┌────────

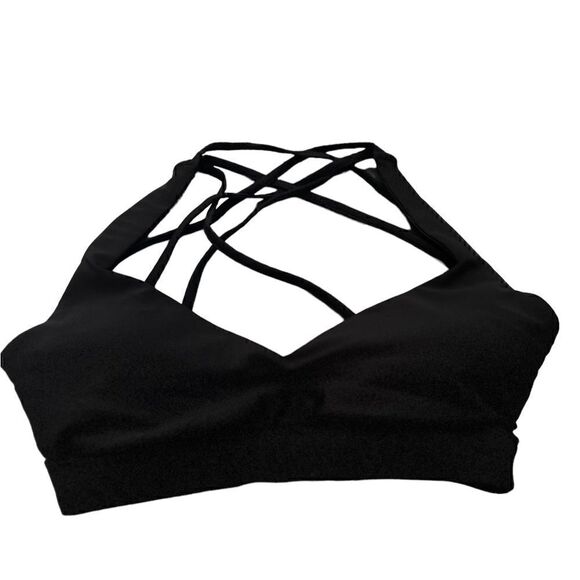 Just Fab Black Strappy Back Sports Bra Extra Small - Picture 4 of 9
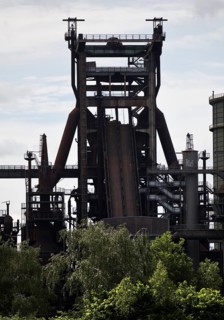 View of the listed Phoenix-West blast furnace from the Hympendahl spoil tip, Hoerde, Dortmund,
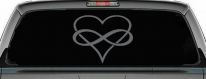 Infinity Symbol Around A Heart Car or Truck Window Decal Sticker (Silver)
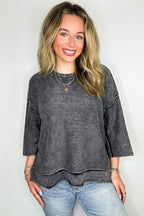 Black / S Cozy Fade Washed 3/4 Sleeve Relaxed Sweater - Madison and Mallory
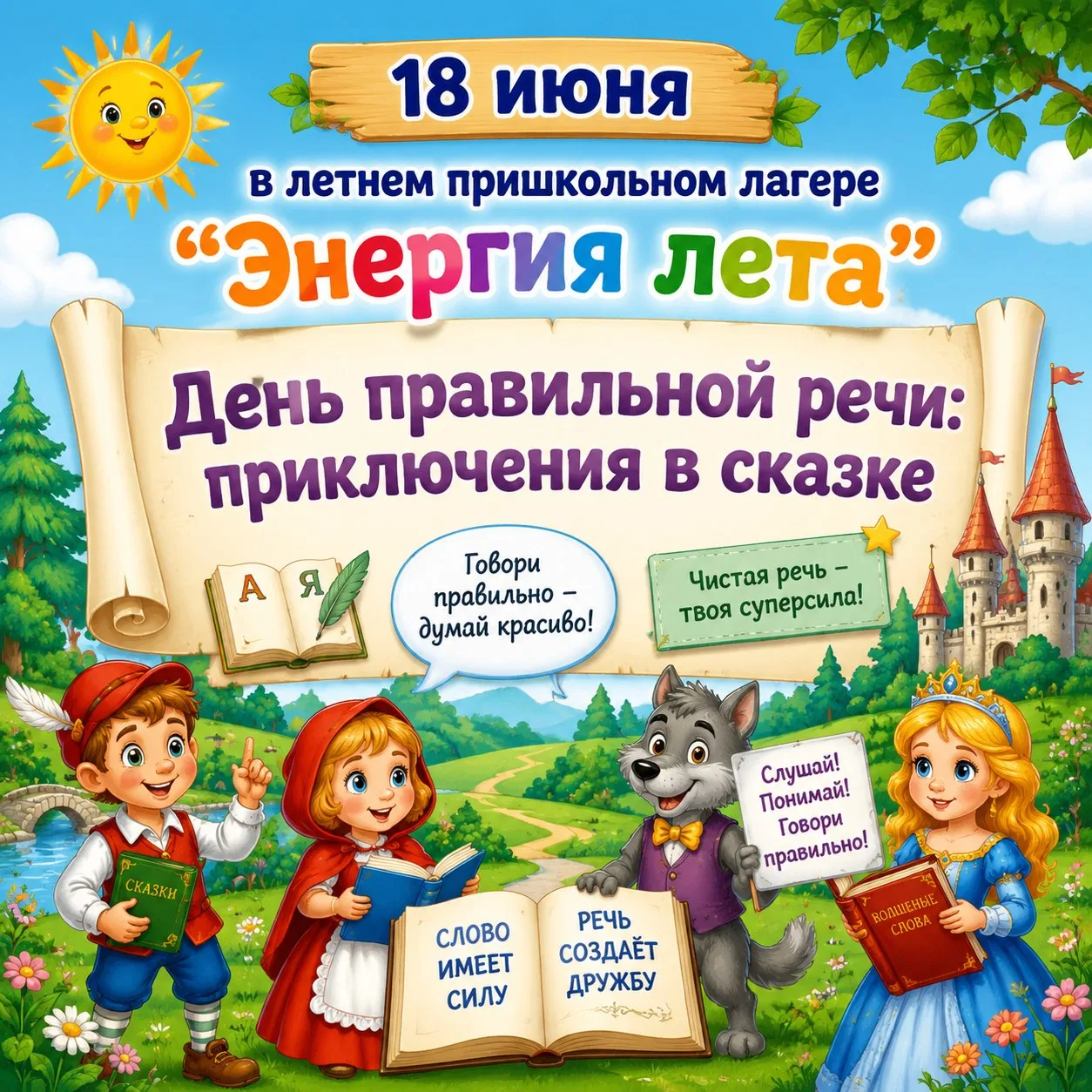 💐18 июня в летнем пришкольном лагере "Энергия лета"🗣️ День правильной речи: приключен...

└────────

_Try it:_
Return the entries exactly as given. Do not include pictures.

_Exercise response:_
 Just Fab Black Strappy Back Sports Bra Extra Small - Picture 4 of 9
 View of the listed Phoenix-West blast furnace from the Hympendahl spoil tip, Hoerde, Dortmund,
 Infinity Symbol Around A Heart Car or Truck Window Decal Sticker (Silver)
 Black / S Cozy Fade Washed 3/4 Sleeve Relaxed Sweater - Madison and Mallory
 💐18 июня в летнем пришкольном лагере "Энергия лета"🗣️ День правильной речи: приключен...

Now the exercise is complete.